OK, I hadn't meant to spend all that time defining and defending haiku. Different types of tripping points work for different people, and I have no problem with someone not particularly caring for the haiku form. But it's important to recognize that that's purely a personal preference, nothing more. A lot of the dismissal of haiku seems to respond only the elementary school form, not the work of accomplished poets, and it fails to realize what's going on. So before getting into the CD itself, I felt I had to establish that there's more going on in these poems than some people might think.
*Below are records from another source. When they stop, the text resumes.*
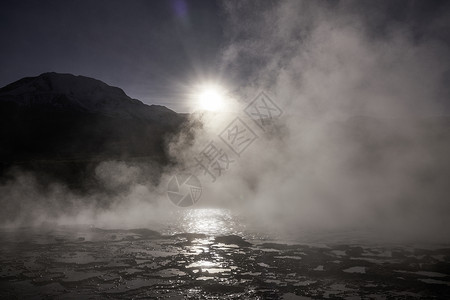 安德斯山在ElTatioGeyser的蒸气升起图片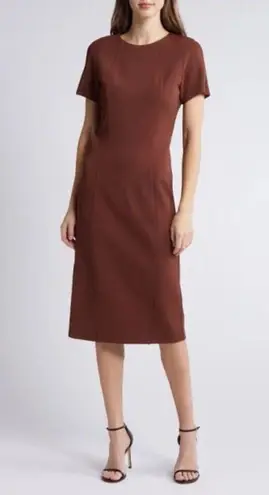 BOSS Dark Brown Form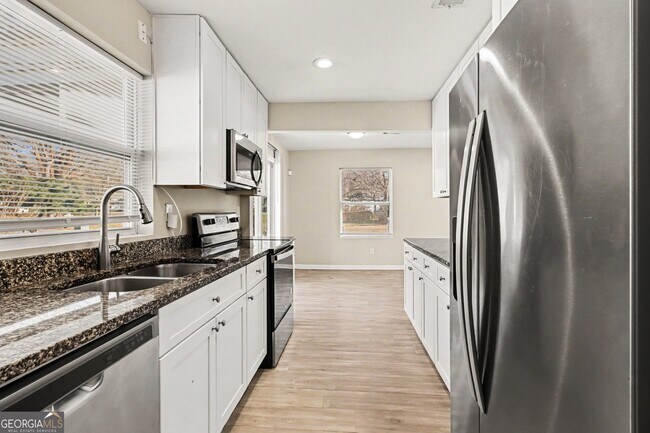 Building Photo - 2117 Blayton Ln SE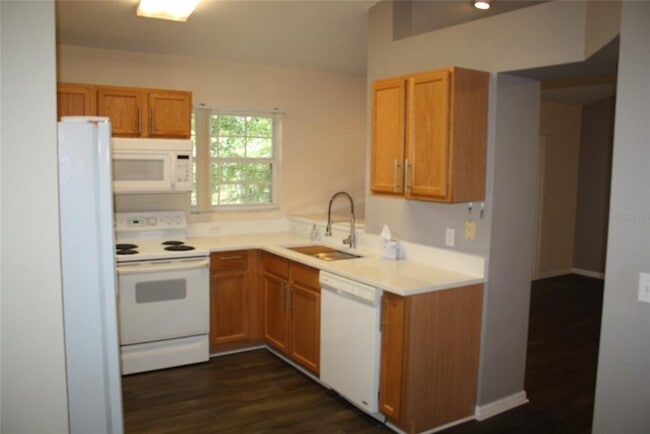 Building Photo - 6309 Rosefinch Ct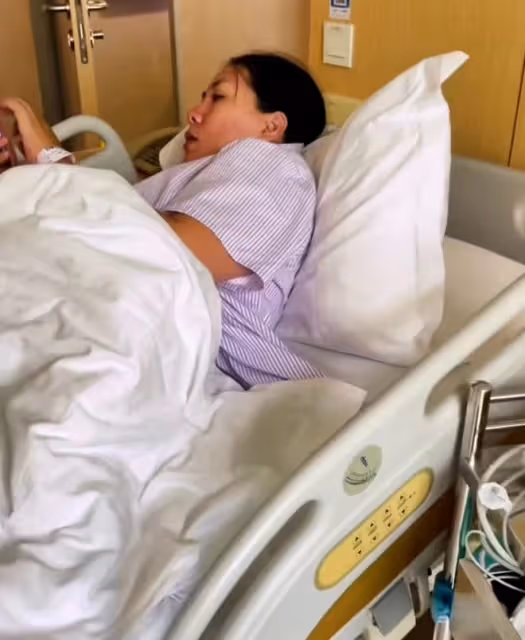 60歲謝東曬小兒子滿月照!父子如複製粘貼,小22歲妻子身材仍圓潤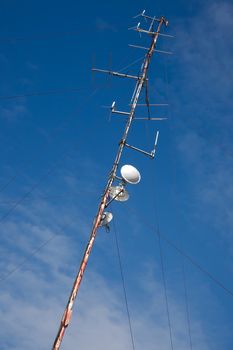 Antennas on a metal mast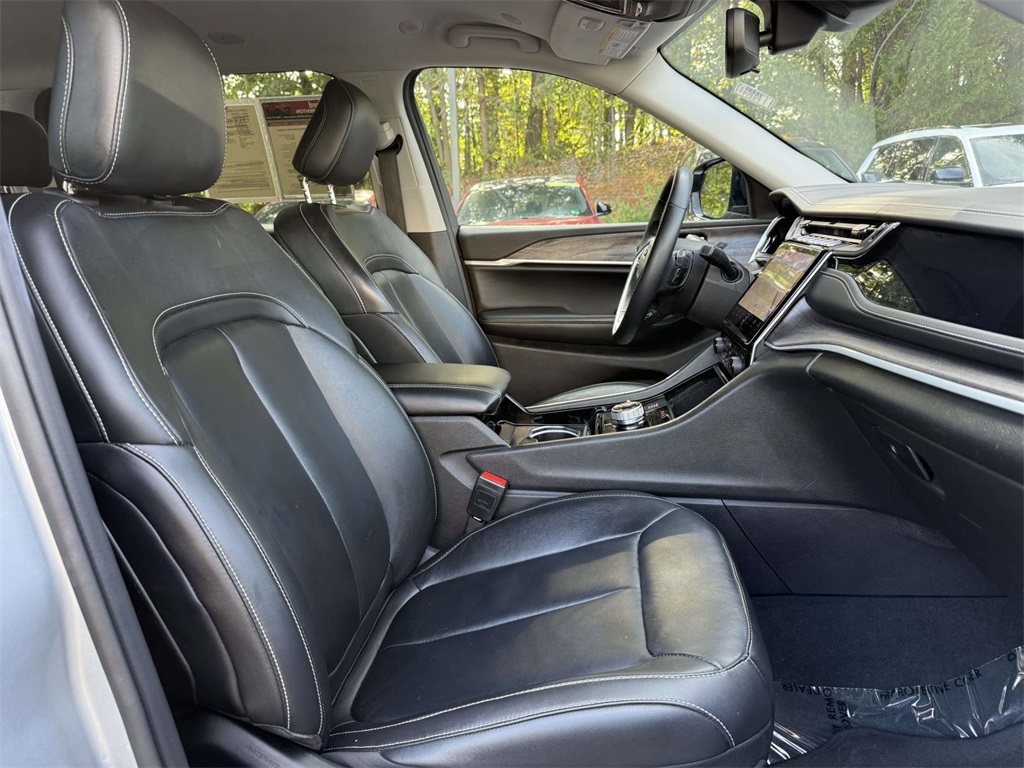 2022 Jeep Grand Cherokee Limited photo 14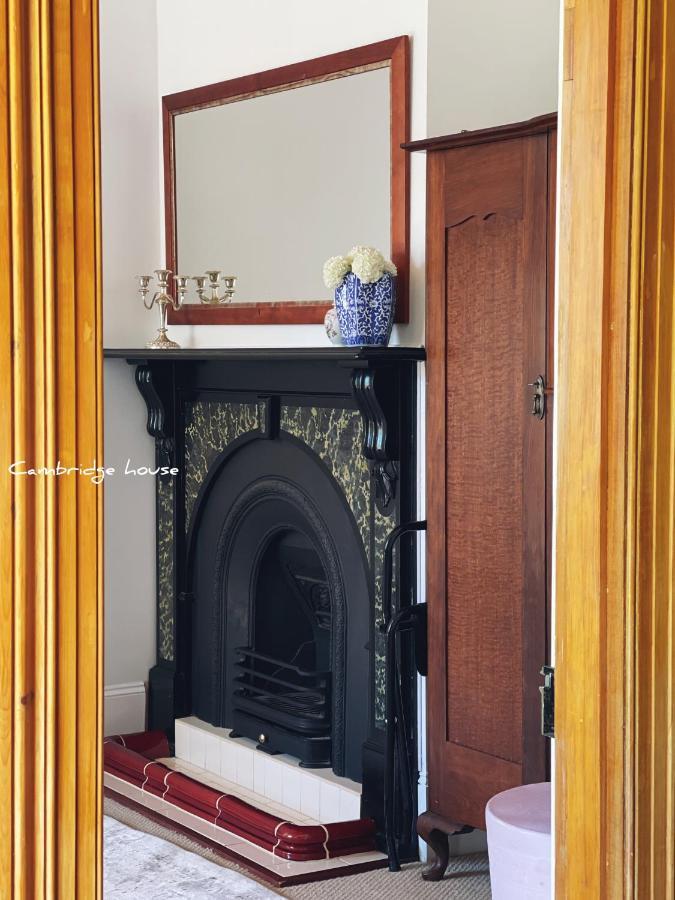Cambridge House Breakfast & Bed Bed & Breakfast Geeveston Dış mekan fotoğraf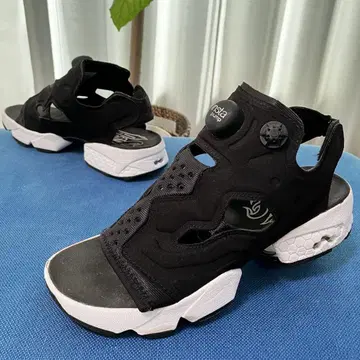 REEBOK 리복 펌프 퓨리 샌들 블랙 화이트 23cm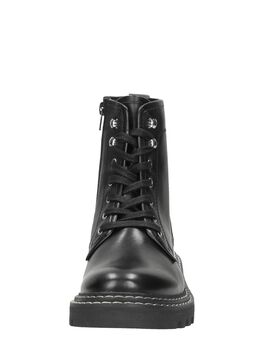 Schnürschuhe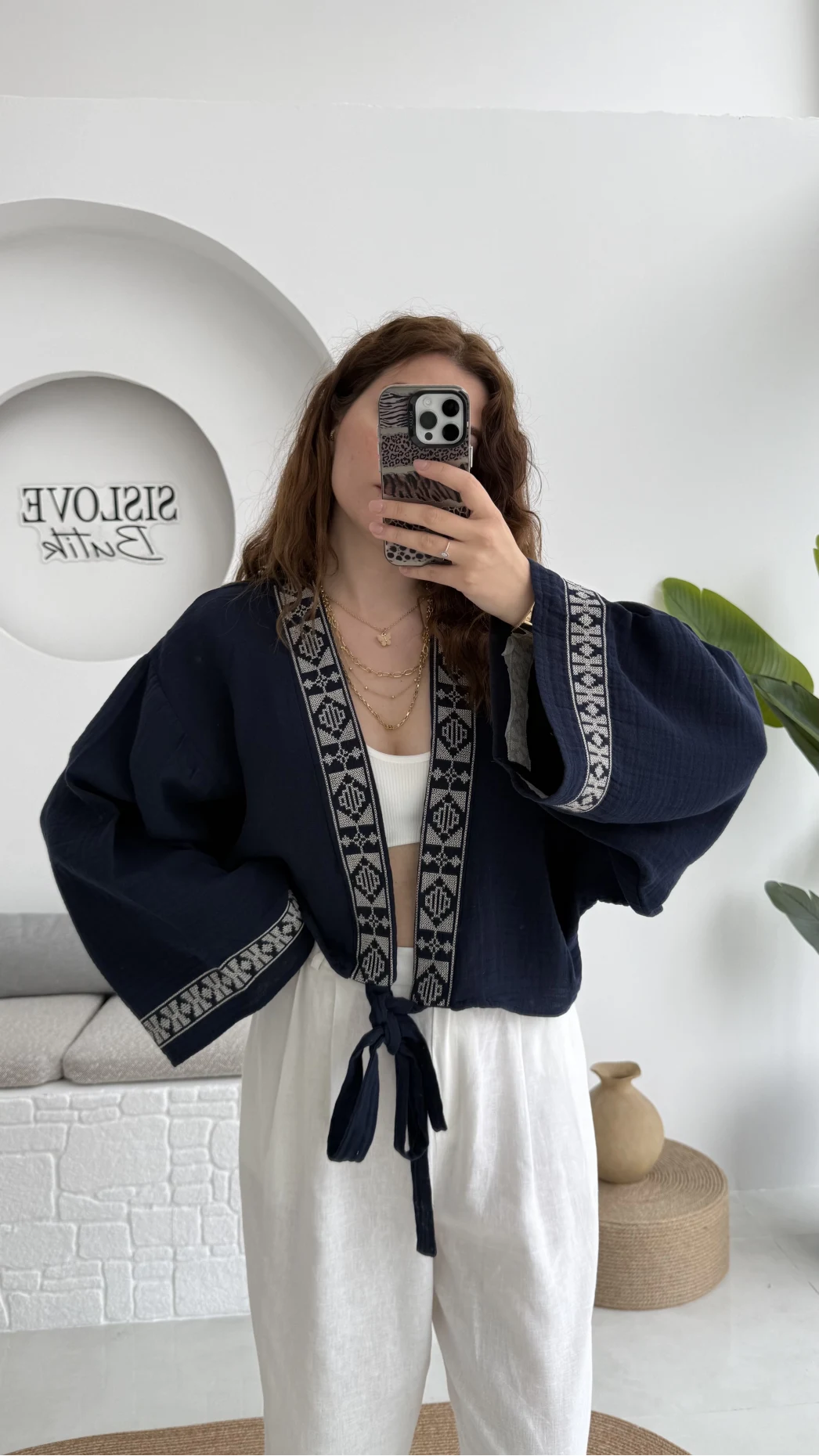 Geniş Kol Nakışlı Bağlamalı Kimono - Lacivert - 7014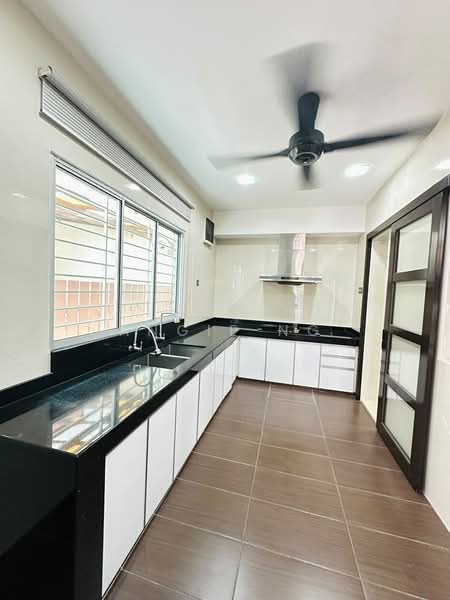 Rumah Kluster untuk Disewa di Kota Emerald (Rawang) - Angie Ng - Kitchen - PropertyGuru.com.my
And they're worth examining.

So I guess I'll have to make this a 2-part post and get to the CD next.

Comments

RichM said…
There's a huge gulf between the mainstream poets and those of us who try to write in forms adopted from Asia. The one aspect of haiku which everybody knows about is "5-7-5" and it is the one thing which does not really work in English, making these poems much longer and wordier than a typical Japanese haiku. Not to mention much easier to write badly. The rest of the haiku tradition, with kigo and kireji and everything, never made it into the popular consciousness in the West about haiku.

It's worthwhile to keep fighting the fight though. I'll see you in that May 2007 issue of Scifaikuest which will have one or two of my own poems in it.
Daniel Ausema said…
I completely missed your comment earlier (whenever it was posted), so if you do wander back here, thanks for stopping by! And congrats on your poems too. You're right that there's so much more to haiku and the other related forms than we tend to be aware of in translation.